**About this exercise**
The answer must restate every entry below word for word.

******************************

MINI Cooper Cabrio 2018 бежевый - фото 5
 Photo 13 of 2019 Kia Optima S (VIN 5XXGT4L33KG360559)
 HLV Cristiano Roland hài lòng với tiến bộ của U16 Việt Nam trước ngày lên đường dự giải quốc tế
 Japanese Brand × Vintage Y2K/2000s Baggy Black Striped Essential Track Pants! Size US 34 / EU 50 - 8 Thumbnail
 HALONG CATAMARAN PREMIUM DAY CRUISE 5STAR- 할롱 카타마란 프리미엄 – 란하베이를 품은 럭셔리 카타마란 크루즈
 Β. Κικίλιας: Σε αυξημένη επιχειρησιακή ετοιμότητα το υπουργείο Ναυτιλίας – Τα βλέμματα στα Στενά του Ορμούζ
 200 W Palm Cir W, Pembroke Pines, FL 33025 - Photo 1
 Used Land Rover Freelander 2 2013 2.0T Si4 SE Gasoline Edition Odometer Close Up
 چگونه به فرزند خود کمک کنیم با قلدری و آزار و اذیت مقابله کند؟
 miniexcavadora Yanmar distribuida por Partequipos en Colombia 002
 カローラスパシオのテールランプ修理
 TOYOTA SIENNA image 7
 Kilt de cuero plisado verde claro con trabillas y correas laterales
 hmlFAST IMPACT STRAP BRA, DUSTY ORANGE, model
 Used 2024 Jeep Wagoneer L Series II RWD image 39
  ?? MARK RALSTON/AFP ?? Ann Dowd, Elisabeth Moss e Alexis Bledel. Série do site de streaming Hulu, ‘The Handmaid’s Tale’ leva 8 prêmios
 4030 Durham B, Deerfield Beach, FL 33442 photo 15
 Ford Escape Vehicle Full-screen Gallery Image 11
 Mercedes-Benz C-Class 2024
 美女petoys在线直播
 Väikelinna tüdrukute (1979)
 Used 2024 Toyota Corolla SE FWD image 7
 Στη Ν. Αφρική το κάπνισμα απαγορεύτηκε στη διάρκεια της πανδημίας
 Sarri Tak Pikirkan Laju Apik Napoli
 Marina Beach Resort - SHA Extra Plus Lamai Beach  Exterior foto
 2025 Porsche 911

******************************

**Result of this exercise**
MINI Cooper Cabrio 2018 бежевый - фото 5
 Photo 13 of 2019 Kia Optima S (VIN 5XXGT4L33KG360559)
 HLV Cristiano Roland hài lòng với tiến bộ của U16 Việt Nam trước ngày lên đường dự giải quốc tế
 Japanese Brand × Vintage Y2K/2000s Baggy Black Striped Essential Track Pants! Size US 34 / EU 50 - 8 Thumbnail
 HALONG CATAMARAN PREMIUM DAY CRUISE 5STAR- 할롱 카타마란 프리미엄 – 란하베이를 품은 럭셔리 카타마란 크루즈
 Β. Κικίλιας: Σε αυξημένη επιχειρησιακή ετοιμότητα το υπουργείο Ναυτιλίας – Τα βλέμματα στα Στενά του Ορμούζ
 200 W Palm Cir W, Pembroke Pines, FL 33025 - Photo 1
 Used Land Rover Freelander 2 2013 2.0T Si4 SE Gasoline Edition Odometer Close Up
 چگونه به فرزند خود کمک کنیم با قلدری و آزار و اذیت مقابله کند؟
 miniexcavadora Yanmar distribuida por Partequipos en Colombia 002
 カローラスパシオのテールランプ修理
 TOYOTA SIENNA image 7
 Kilt de cuero plisado verde claro con trabillas y correas laterales
 hmlFAST IMPACT STRAP BRA, DUSTY ORANGE, model
 Used 2024 Jeep Wagoneer L Series II RWD image 39
  ?? MARK RALSTON/AFP ?? Ann Dowd, Elisabeth Moss e Alexis Bledel. Série do site de streaming Hulu, ‘The Handmaid’s Tale’ leva 8 prêmios
 4030 Durham B, Deerfield Beach, FL 33442 photo 15
 Ford Escape Vehicle Full-screen Gallery Image 11
 Mercedes-Benz C-Class 2024
 美女petoys在线直播
 Väikelinna tüdrukute (1979)
 Used 2024 Toyota Corolla SE FWD image 7
 Στη Ν. Αφρική το κάπνισμα απαγορεύτηκε στη διάρκεια της πανδημίας
 Sarri Tak Pikirkan Laju Apik Napoli
 Marina Beach Resort - SHA Extra Plus Lamai Beach  Exterior foto
 2025 Porsche 911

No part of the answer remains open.